Interview mit Dennis Horn

BILD_DENNISHORNWer bist du und was machst du?

Mein Name ist Dennis Horn und ich bin Journalist. Ich habe eine klassische Ausbildung als Lokaljournalist absolviert, aber schon immer an der Schnittstelle zwischen klassischen und neuen Medien gearbeitet, also zwischen Radio oder Fernsehen und dem Internet. Schwerpunktmäßig arbeite ich für die ARD. Ich stecke aber nicht klassisch in Redaktionsschichten, sondern erlebe jeden Tag etwas anderes. Man kann es also als Dasein eines freien Journalisten bezeichnen.

Dein aktueller Fang?

Es sind zwei Sachen, die mich im Moment umtreiben. Ein Fang im Großen: Bei dieser Überwachungsdiskussion kommt noch zu wenig raus. Viel zu viele sprechen über Snowden, viel zu wenige über Überwachung an sich. Ich finde das schade, weil es ja nicht nur uns im Netz, sondern viel mehr Leute betrifft. Und ein Fang im Kleinen habe ich gestern gemacht, nämlich iceber.gs, ein Mix aus Google Drive und Dropbox, für Kreative und für Journalisten spannend. Das habe ich gestern aus dem Netz gefischt und würde es mir gerne noch genauer angucken.

Würdest du dich nach dem Datenschutzskandal von Facebook abmelden, und wenn ja, warum?

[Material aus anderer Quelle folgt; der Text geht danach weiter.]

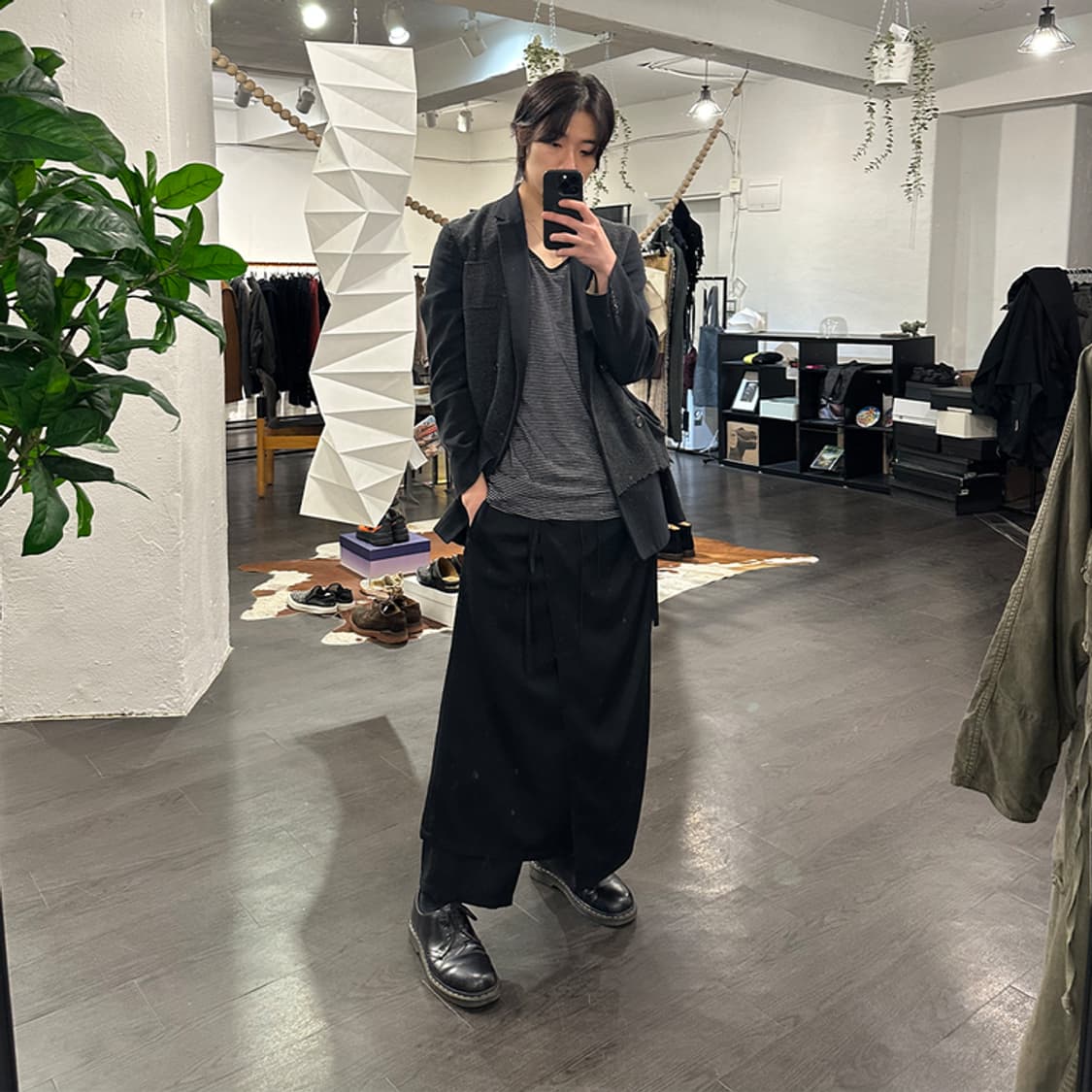 요지야마모토 스커트 레이어드 팬츠 상품이미지5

Nein, weil ich mich schon immer daran gehalten habe, Facebook vor allem beruflich zu nutzen. Deshalb habe ich keine Angst davor, dass jemand allzu Privates von mir lesen könnte. Ich halte es für keine gute Lösung, uns abzumelden, weil wir damit unterliegen würden. Es kann doch nicht sein, dass wir solche Dienste nicht mehr nutzen können, sondern die Lösung muss sein, dass Überwachung in dieser Form nicht stattfinden darf! Eher würde ich versuchen, E-Mails und andere Teile meiner Kommunikation zu verschlüsseln. Facebook ist einer der wichtigsten Dienste geworden und darauf möchte ich ehrlich gesagt nicht mehr verzichten.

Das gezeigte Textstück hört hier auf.